Opening 29 giugno ore 19

Il titolo, tratto dal taccuino di appunti per Memorie di Adriano di Marguerite Yourcenar, individua nel tema della memoria e nella sua ricostruzione attraverso gli strumenti della narrazione, il fil rouge dei quattro lavori presentati.

Dice Yourcenar: «Tutto ci sfugge. Tutti. Anche noi stessi. La mia stessa esistenza, se dovessi raccontarla per iscritto, la ricostruirei dall’esterno, a fatica, come se fosse quella di un altro. […] Qualunque cosa si faccia, si ricostruisce sempre il monumento a proprio modo, ma è già molto adoperare pietre autentiche. Ogni essere che ha vissuto l’avventura umana, sono io».

Seppur da latitudini differenti, i quattro lavori in mostra rielaborano la memoria e il ricordo ad essa connesso attraverso meccanismi formali di verosimiglianza che, seppur partendo dall’universo narrativo della realtà, la rimettono in discussione creandone una completamente nuova.

Arachne di Romina De Novellis è un lavoro di ricerca tradotto formalmente in una performance. Una camminata che ha visto protagonista l’artista e un gruppo di donne che si sono spontaneamente aggiunte nel corso del tragitto che va da Galatina a Santa Maria di Leuca. La performance è stata filmata e documentata con la realizzazione di alcune fotografie che sono parte integrante del progetto finale. L’opera è un’analisi, attraverso il corpo, delle tarantate contemporanee e del genere femminile in terra Salentina e nel contesto del Mediterraneo.

In occasione della mostra verrà presentato il film e due delle immagini fotografiche.

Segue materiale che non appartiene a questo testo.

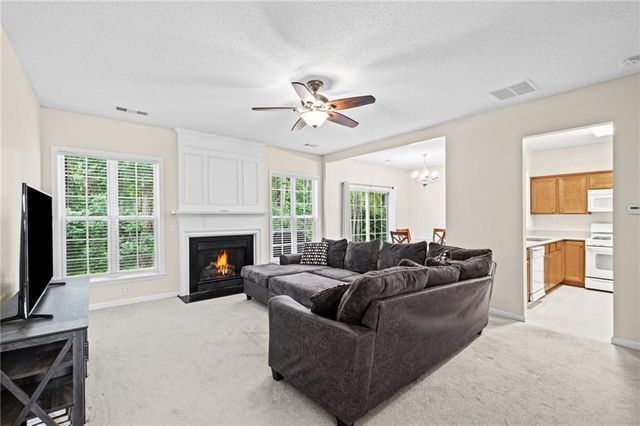 4120 Royal Regency Circle NW, Kennesaw, GA 30144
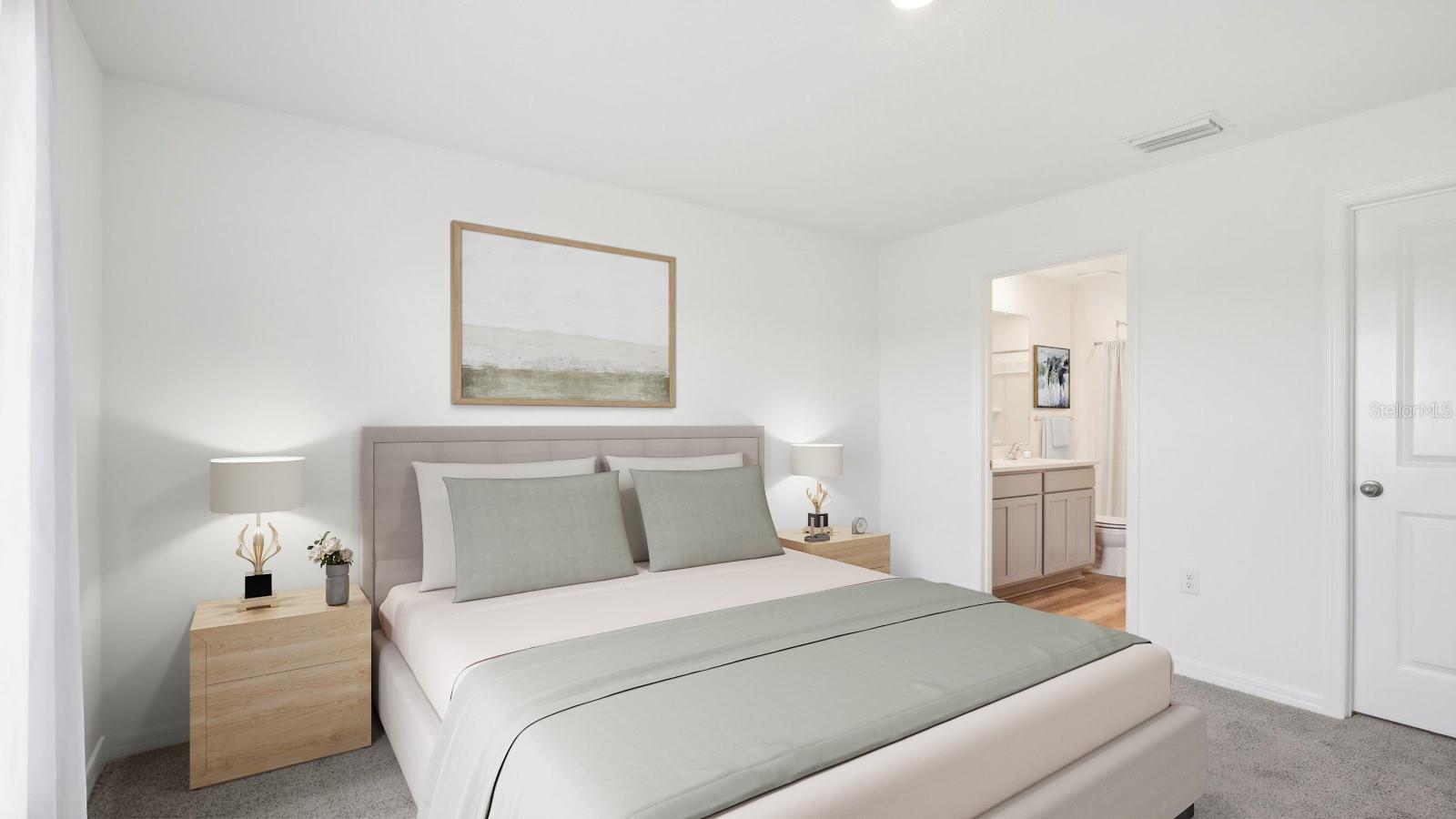 Image 8 of 18 For 10931 44th Avenue E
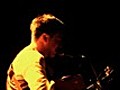 Mumford and Sons: Live at the Music Hall of Williamsburg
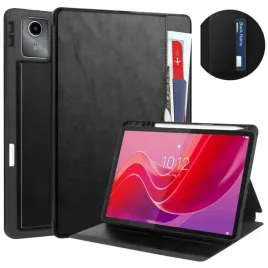 etui-skorzane-z-kieszeniami-na-karty-dokumenty-do-lenovo-tab-m11-tb330fu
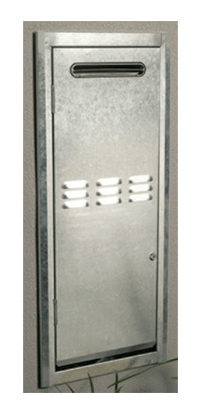 Bosch_Fully_Enclosed_Recess_Box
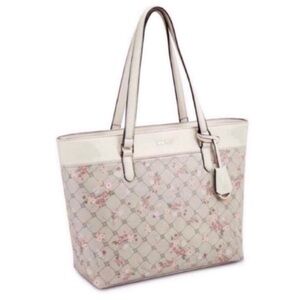 New Nine West Tote Bag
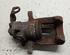 Brake Caliper PEUGEOT 307 (3A/C)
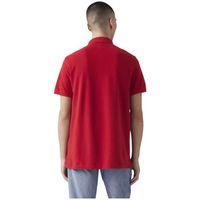 levis polo polo levis hm hombre para hombre
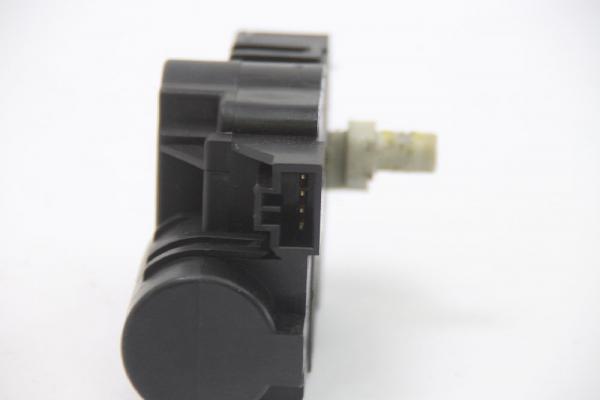 Achsschenkel vorn rechts Kia MAGENTIS 2 MG 517162G100 2,0 106 KW 144 PS ABS gebraucht 1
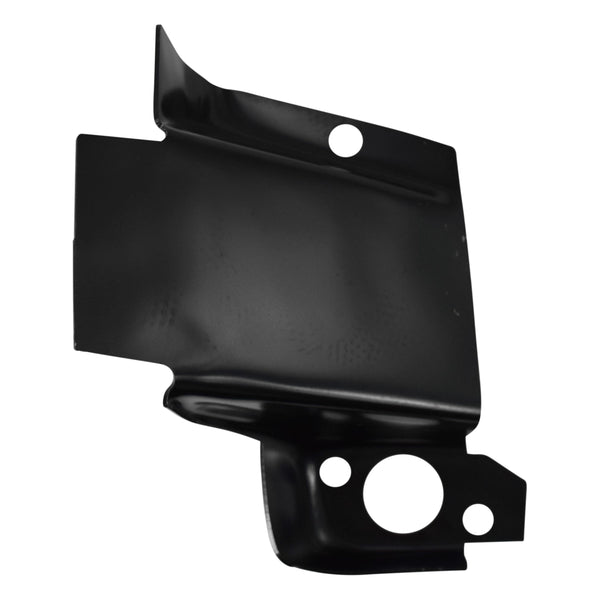 1967 Chevy Camaro Shock Tower Support/Bolt Plate, RH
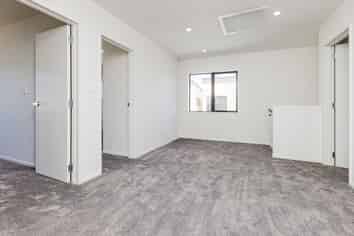 4D/13 Miles Avenue, Papatoetoe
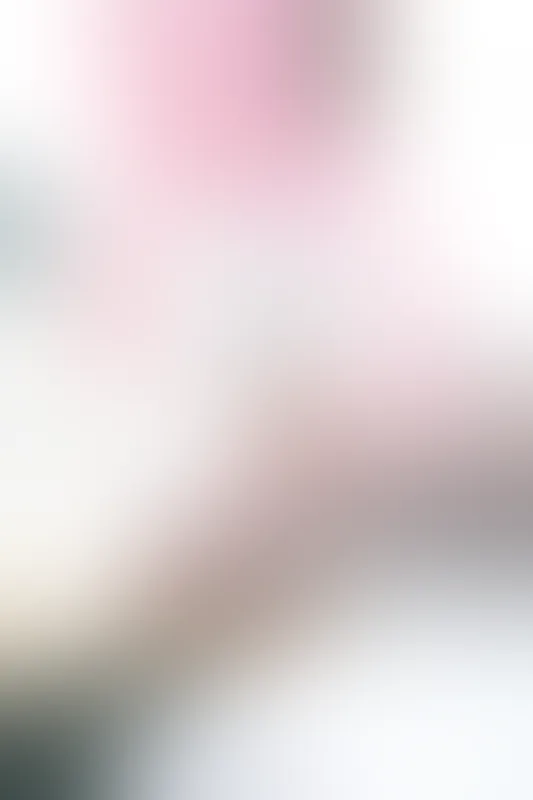 森萝财团 X-026 [113P1V-1.78G]可爱, 森萝财团, 白丝, 美腿, 美足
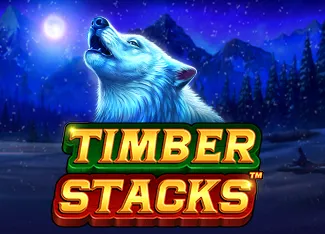 Timber Stacks - DELUXEPLAY88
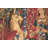 Medieval Taste Cushion Covers-120132270-120132274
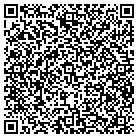 QR code with Carter Electric Service contacts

Romina De Novellis, Arachne, performance da Galatina a Punta Ristola, photo credits De Novellis/Bordin, 2018, courtesy Ramdom e l’artista

En Route to the South – parallel migrationsdi Elena Mazzi e Rosario Sorbelloè un progetto in progress in corso dal 2015 che si basa sulla giustapposizione tra la pratica dell’apicoltura nomade e il fenomeno della migrazione umana. Nel caso specifico di Gagliano del Capo e del territorio salentino, il progetto si concentra sulla condizione in cui versa l’apicoltura locale, costretta a sostituire il tradizionale metodo di allevamento stanziale con quello del nomadismo, a causa di scelte economiche, politiche e di gestione ambientale (monocoltura dell’ulivo) che hanno compromesso quella biodiversità del territorio necessaria alla produzione di miele.

Già presentata in forma di performance/lecturepresso il frantoio ipogeo “La fadea”, l’opera verrà restituita questa volta nella sua totalità mostrandone i diversi elementi: disegni, testo, audio e arnia.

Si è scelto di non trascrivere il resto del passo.